The leadership transition was delicate. Anand Athreya, appointed as CEO & MD designate in 2023, brought a different style—more corporate, more process-oriented, but equally ambitious. The old guard worried about losing the startup culture. The new management worried about scaling without systems. The integration wasn't just about merging companies but merging cultures. The results were spectacular. In Q4-FY25 Tejas completed deliveries of 100,000+ sites for the BSNL 4G/5G network which is one of the largest single-vendor RAN networks delivered in record time. Revenue grew from Rs 4,246 million in FY20 to Rs 25,356 million in FY24—a CAGR of 56.3%. The company achieved consolidated revenue for Q4-FY24 of Rs 1,327 crore (YoY 343%), FY24 revenue of Rs 2,471 crore (YoY 168%), Q4-24 Net Profit of Rs 147 crore and FY24 Net Profit of Rs 63 crore.

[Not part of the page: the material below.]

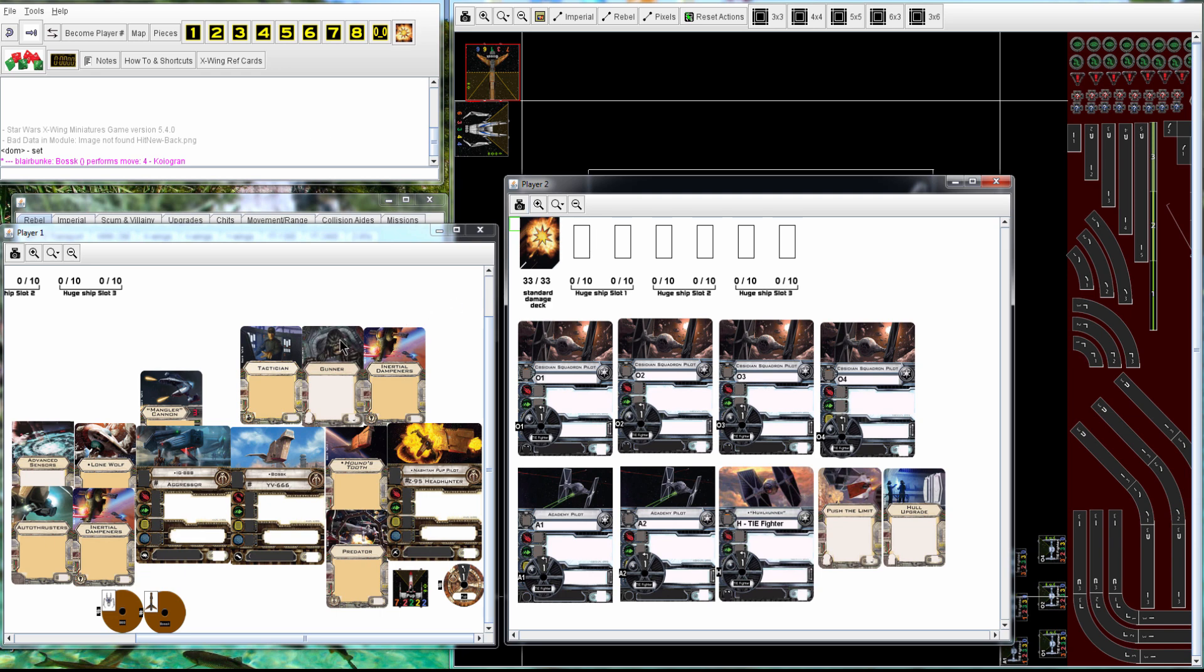How's it going, everyone? I'm going to go through Dom vs. Blair, TC Aces Week 3, I believe, their game.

The Tata brand brought credibility, especially with international customers who'd been hesitant about buying from a standalone Indian company. The group's financial strength meant Tejas could bid for larger, longer-duration contracts without worrying about working capital. The synergies with other Tata companies—TCS for system integration, Tata Power for smart grid projects, Tata Communications for network services—created a multiplier effect.

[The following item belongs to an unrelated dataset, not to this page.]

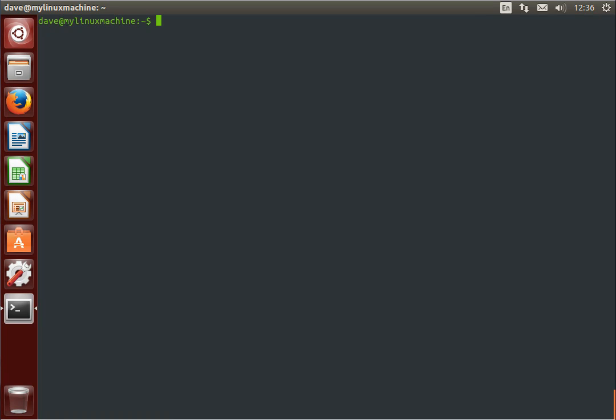Welcome to part 2 of using the shell in Linux. So in the last video we covered piping and basic input and output redirection.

But integration wasn't friction-free. The entrepreneurial culture that had defined Tejas—quick decisions, informal processes, equity-based compensation—clashed with Tata's more structured approach. Some key engineers left, worried about becoming another cog in the conglomerate machine. The stock price, which had surged post-acquisition announcement, started showing volatility as investors questioned whether Tejas could maintain its innovation edge under corporate ownership.
The real test came with execution. The BSNL 4G/5G project wasn't just large—it was existentially important for both Tejas and India's telecom sovereignty. Every delay, every technical glitch would be scrutinized. Competitors were waiting for Tejas to stumble, ready with "I told you so" narratives about Indian companies being unable to handle complex projects.
VII. The BSNL 4G/5G Mega Project
The BSNL headquarters war room, August 2023. Maps of India cover every wall, dotted with thousands of red and green pins—red for pending installations, green for completed. A team of 50 engineers works round the clock, coordinating what would become one of the most ambitious telecom deployments in history. The target: 100,000 cell sites across India, from the Siachen Glacier to the Andaman Islands, from the Thar Desert to the Northeast's rainforests. The vendor: Tejas Networks, a company that had never done a wireless deployment of this scale.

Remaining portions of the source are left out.